= Data segment =
■ ■ ■ ■ ■ ■ ■
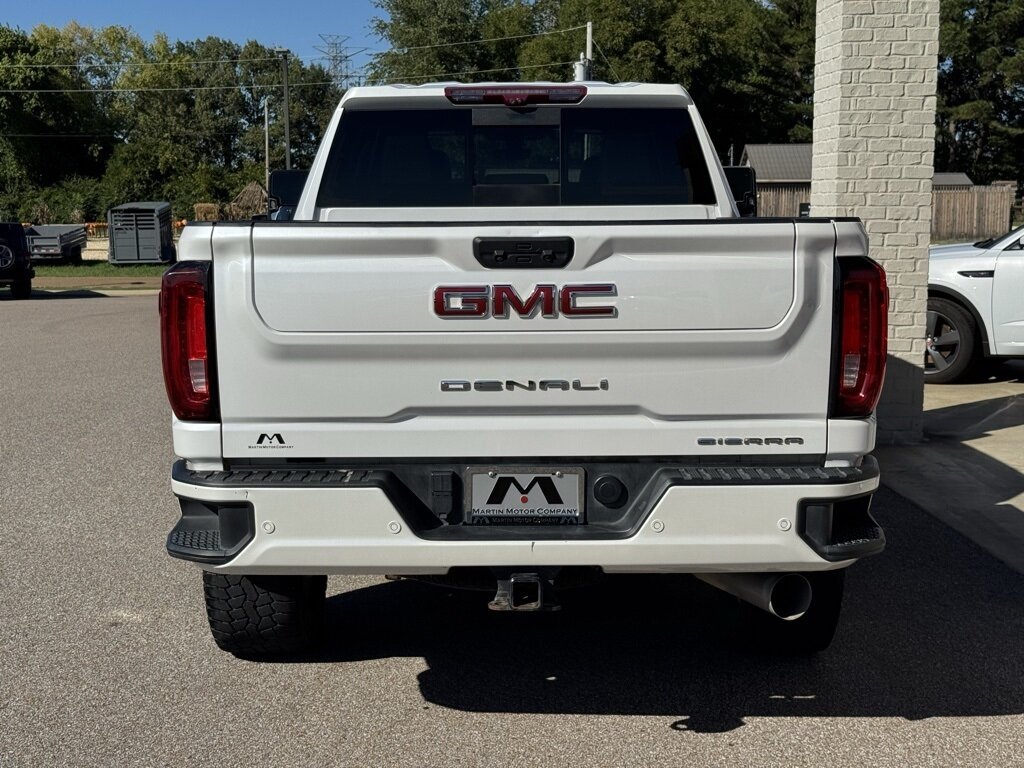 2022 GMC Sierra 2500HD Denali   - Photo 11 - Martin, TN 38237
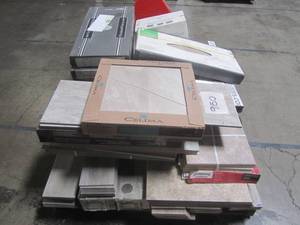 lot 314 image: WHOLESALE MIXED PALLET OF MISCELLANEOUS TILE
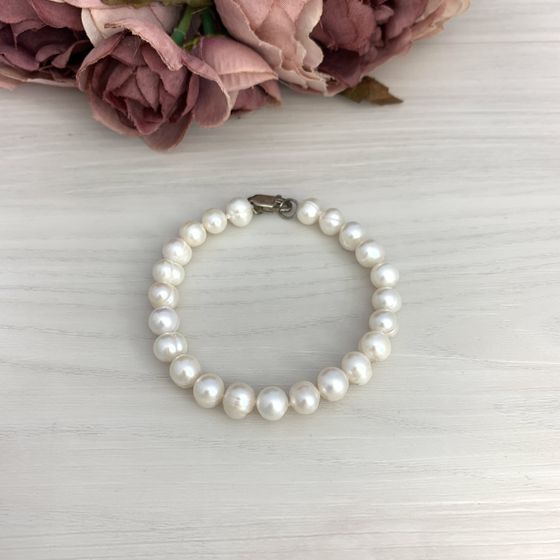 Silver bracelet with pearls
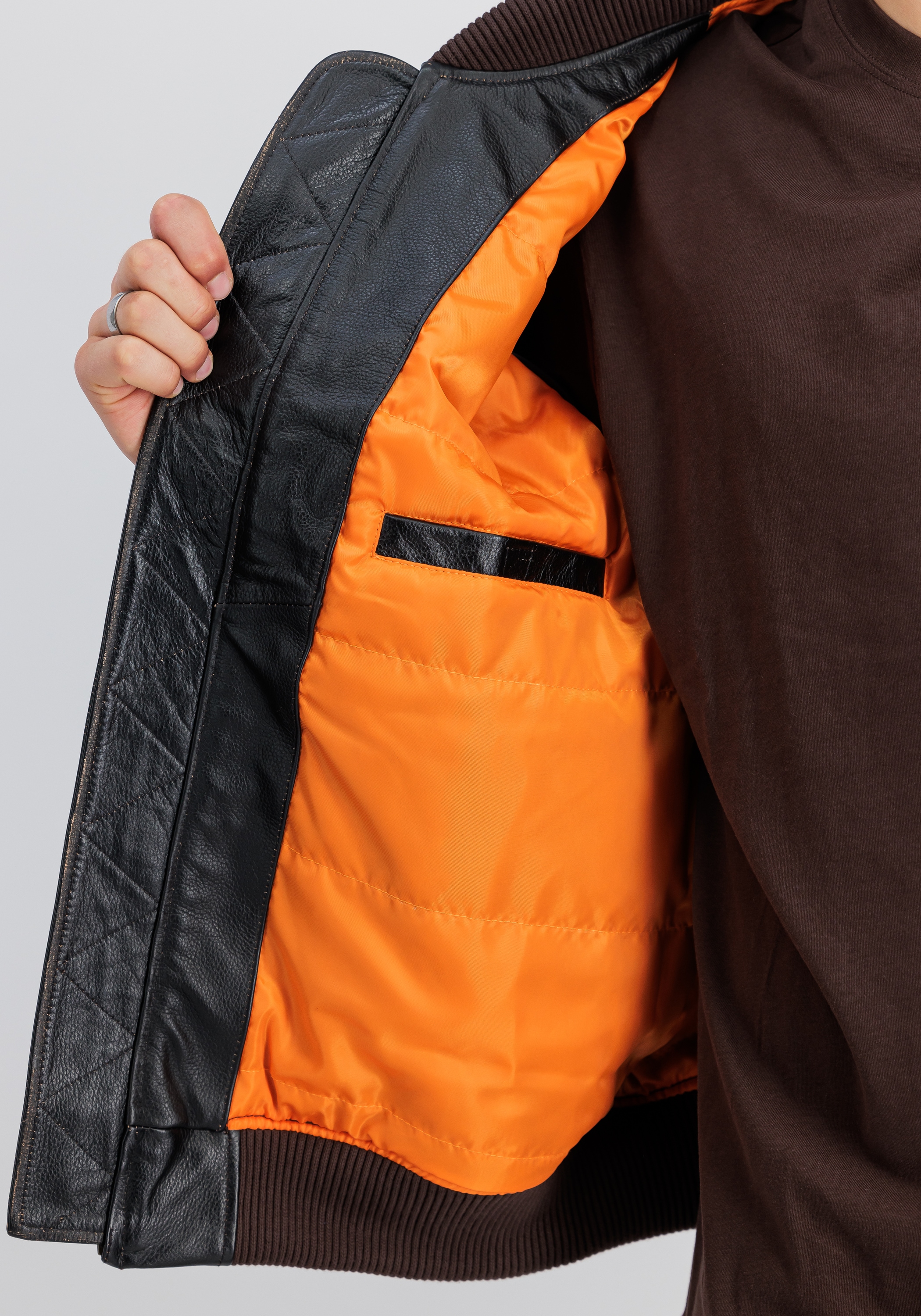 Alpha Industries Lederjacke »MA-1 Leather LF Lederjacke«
■ ■ ■ ■ ■ ■ ■
Reprint the whole listing above exactly, taking out the pictures.

= Response to the exercise =
 2022 GMC Sierra 2500HD Denali   - Photo 11 - Martin, TN 38237
 lot 314 image: WHOLESALE MIXED PALLET OF MISCELLANEOUS TILE
 Silver bracelet with pearls
 Alpha Industries Lederjacke »MA-1 Leather LF Lederjacke«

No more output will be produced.